La aldaba
Carlos Navarro Antolín
¡Anda, jaleo, jaleo!
Sevilla/La lluvia limpia, realza y ennoblece. Su mala fama es injusta. A Juan Pablo II le encantaba celebrar bajo una manta de agua en la Plaza de San Pedro. Bendición de Dios, mar vertical que emana del cielo cárdeno, salvación de marismas, albercas y campos secos. Dostoyevski tenía claro que el mundo solo puede ser salvado por la belleza. Y el futuro solo podemos ganarlo con la lluvia que deja los adoquines de Sevilla como una Roma de otoño sin cardenales, como una Feria de farolillos caídos, como una Catedral con gárgolas que escupen el polvo, los ácaros y la hojarasca acumulada. La lluvia saca brillo a las ciudades bellas por poca agua que caiga. Rugen los cielos, baja la intensidad de la luz, Sevilla saca la paleta de los grises que tan estupendamente le sientan. Para los poetas somos la ciudad de la luz, pero en realidad somos una dama de incuestionable belleza que encierra un carácter áspero que solo conocen los de casa. Esta lluvia de mayo alto es muy nuestra, encaja con armonía en nuestra forma de ser, como el cambio repentino de carácter de un niño consentido, como una pataleta, un cólico a deshoras, un borrón en una acuarela. La lluvia es buena para las ciudades con patrimonio, con historia, con carácter, con leyendas... Se vienen arriba.
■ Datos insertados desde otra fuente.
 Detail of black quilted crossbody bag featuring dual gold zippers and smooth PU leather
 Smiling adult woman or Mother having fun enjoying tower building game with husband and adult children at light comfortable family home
Solo el campo y las urbes con encanto soportan la lluvia, como solo los ojos hermosos y de expresión potente aguantan una fotografía de primer plano. Poco se habla de la Sevilla con lluvia, cuando la lluvia es aliada de nuestra afamada primavera. Nos hace mucho bien, respiramos mejor, dejamos de pensar en campañas electorales y otras cuitas, nos preocupamos de esos detalles cotidianos como la ropa tendida, el paraguas y quizás alguna prenda con la que evitar la sensación de frío que acompaña a todo aguacero. La lluvia nos trae la música del tableteo de los goterones que se estampan contra el pavimento, concierto relajante que teníamos olvidado. La lluvia es higiene para la ciudad y el medio ambiente, empapa el albero de la plaza, oscurece el bronce de la Giganta y la presenta distante como una persona enfadada, más soberbia si cabe en sus alturas, vacía las calles de mesas, cachivaches y transeúntes, limpia las tejas, besa las aguas del río que tiene Sevilla a falta de mar y realza más si cabe el carácter inglés de los jardines del Alcázar. Presumir de una tarde de lluvia es un lujo que solo se puede permitir el elenco de ciudades bellas del mundo. Y Sevilla lo es. El carácter real se queda de murallas para adentro. Como en las mejores casas.